Initially I considered the role, but I would prefer the Softs and Meats trading position - the secret is to trade lean hog and corn switches // correlation.

http://21stcenturyforex.com.au/fore...Century-Softs-and-Meats-Trader-29.04.2010.pdf


----------



## Mofra (5 November 2010)

sails said:


> Yes Mofra - one and the same - the "renting shares" guy.
> 
> Type Jamie McIntyre into google and the first link to come up for me was "Jamie McIntyre exposed".  The other links confirm the connection.



Yes, "renting shares" is easy and completely risk-free, lucky the masses have Jamie to exlain these things to them. I did go to a free "intro" night once, he actually had this move called (I am honestly not making this up) a "whoa-clap".

You put one arm out straight, pull the other back like you were pulling back the string on a bow & arrow, then thrust it forward and "clap" the other hand. As you pull the hand back, you say "whoooooaaaaaa" and then you hear the clap. A whoa-clap. I am not making this up, this is what spruikers do. Amazing.


----------



## sails (5 November 2010)

Mofra said:


> ...
> You put one arm out straight, pull the other back like you were pulling back the string on a bow & arrow, then thrust it forward and "clap" the other hand. As you pull the hand back, you say "whoooooaaaaaa" and then you hear the clap. A whoa-clap. I am not making this up, this is what spruikers do. Amazing.

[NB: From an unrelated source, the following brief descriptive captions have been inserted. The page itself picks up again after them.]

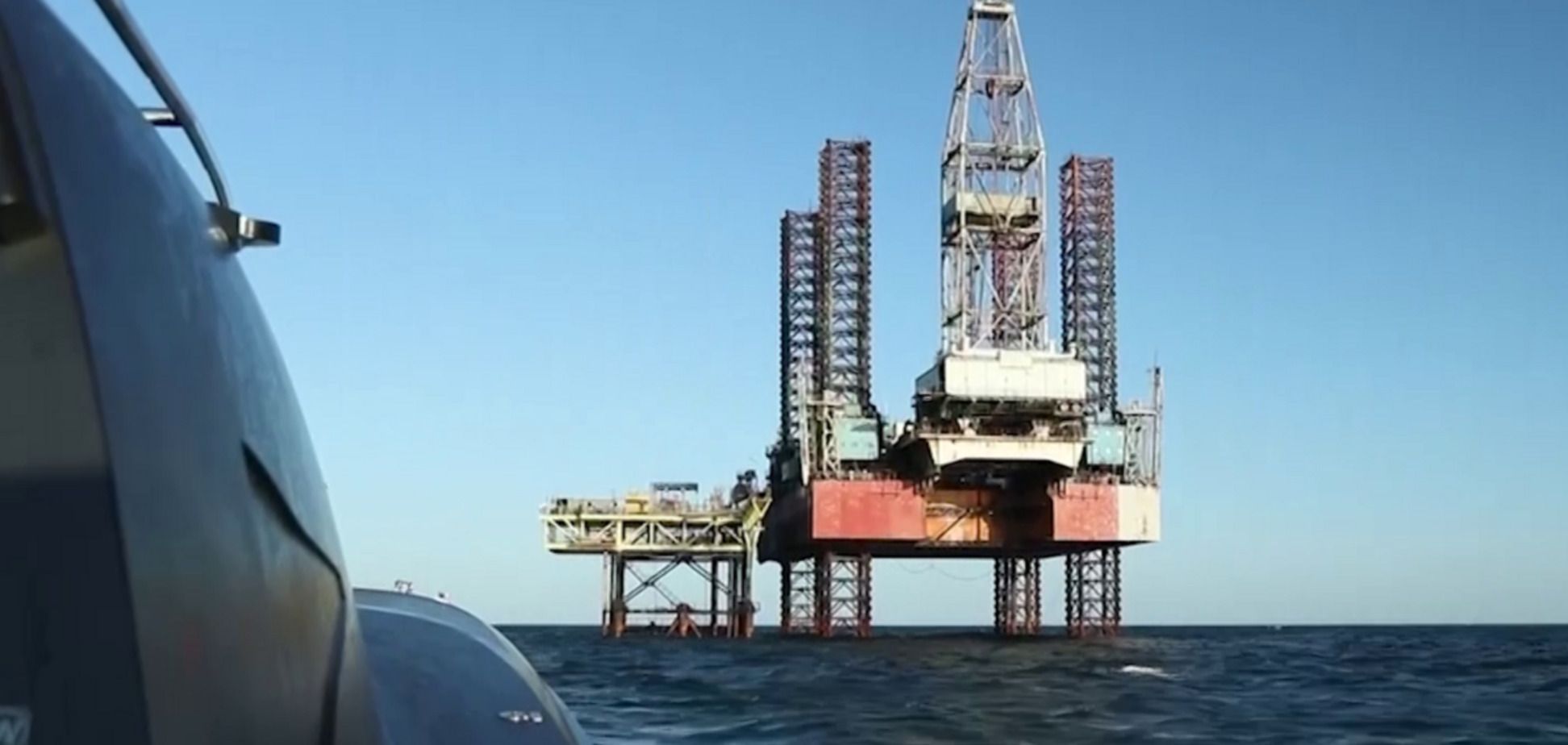 Интересные детали уничтожения российской РЛС "Нева" Интересные детали уничтожения российской РЛС "Нева"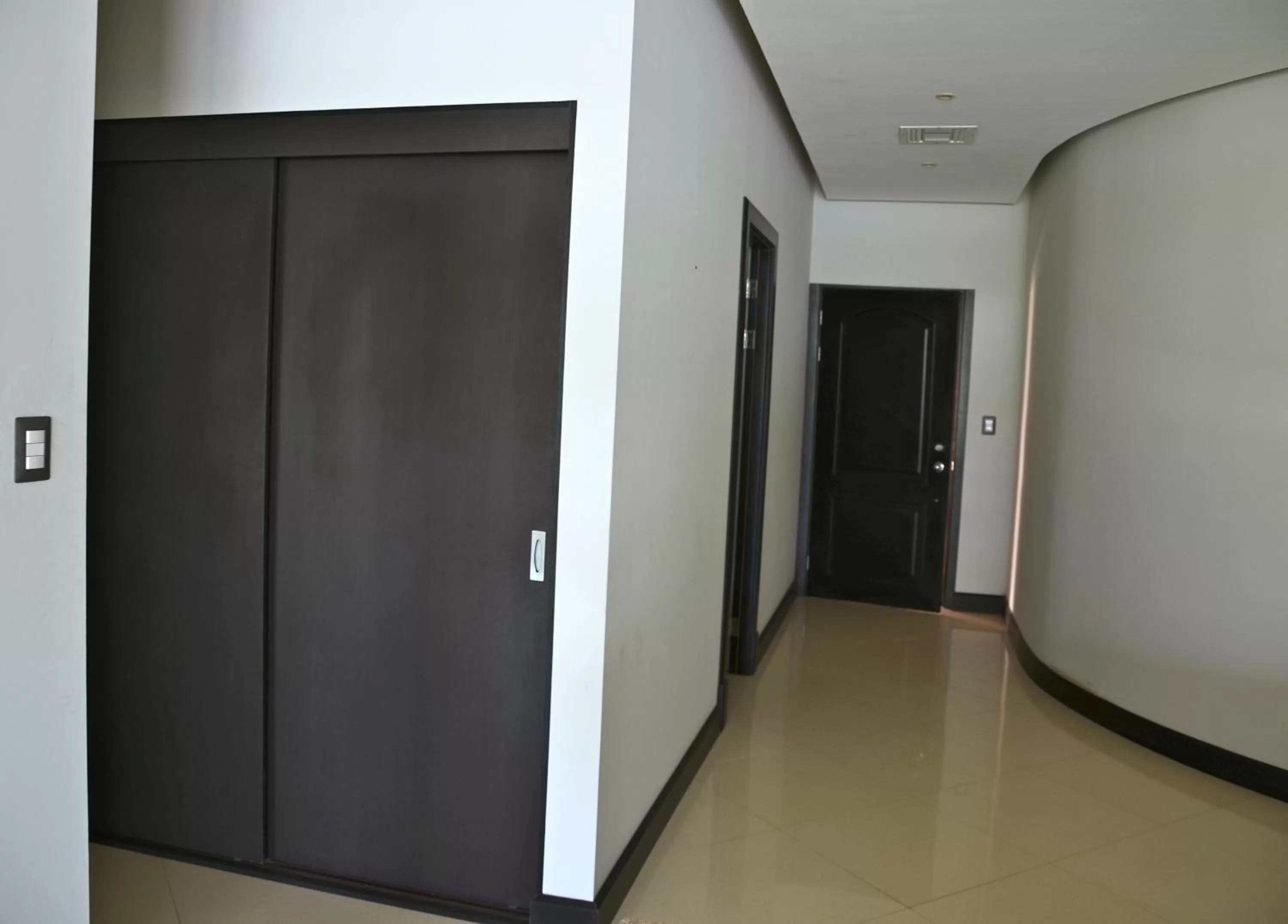 Other in Puerto Azul Hotel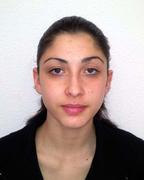 Файл:Ab90941c-c9d9-43f8-bb35-1acb8be3d120.jpg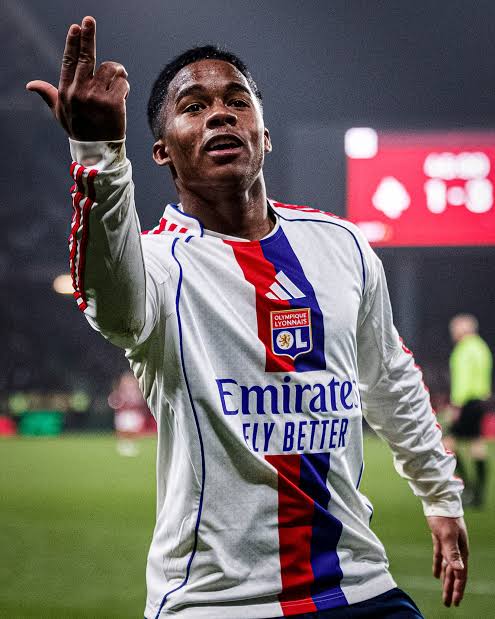 images - 2026-02-10T121138.694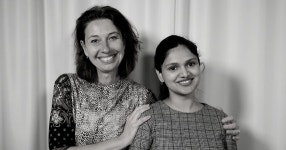 C0417: New Digital Products. Velkommen til Lørn.Tech, en… | by Dejan Poznanović | lorn.tech | Medium C0417: New Digital Products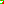 Destellos dst-10296138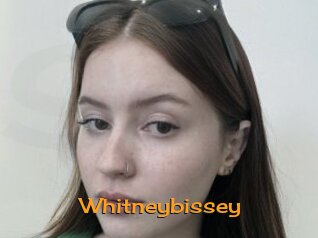 whitneybissey Sortez Couvert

Having gone to many free info sessions, nothing would surprise me... 
I suspect they do it to try and make you feel relaxed - so relaxed you will part with your money more easily.

Definitely regret being sucked into paying for some courses too...


----------



## builder2818 (5 November 2010)

Mofra said:


> Yes, "renting shares" is easy and completely risk-free, lucky the masses have Jamie to exlain these things to them. I did go to a free "intro" night once, he actually had this move called (I am honestly not making this up) a "whoa-clap".
> 
> You put one arm out straight, pull the other back like you were pulling back the string on a bow & arrow, then thrust it forward and "clap" the other hand. As you pull the hand back, you say "whoooooaaaaaa" and then you hear the clap. A whoa-clap. I am not making this up, this is what spruikers do. Amazing.




He thinks he's the Australian version of Tony Robbins.


----------



## skc (6 November 2010)

sails said:


> Yes Mofra - one and the same - the "renting shares" guy.
> 
> Type Jamie McIntyre into google and the first link to come up for me was "Jamie McIntyre exposed".  The other links confirm the connection.




I went to have a look at the site and remembered...

They were giving away his book "What they didn't teach me at school that I wish they did (or something like that)" at a trading/investment expo. Now I know why they were giving the books away for free - because he's not licensed to provide financial advise!


----------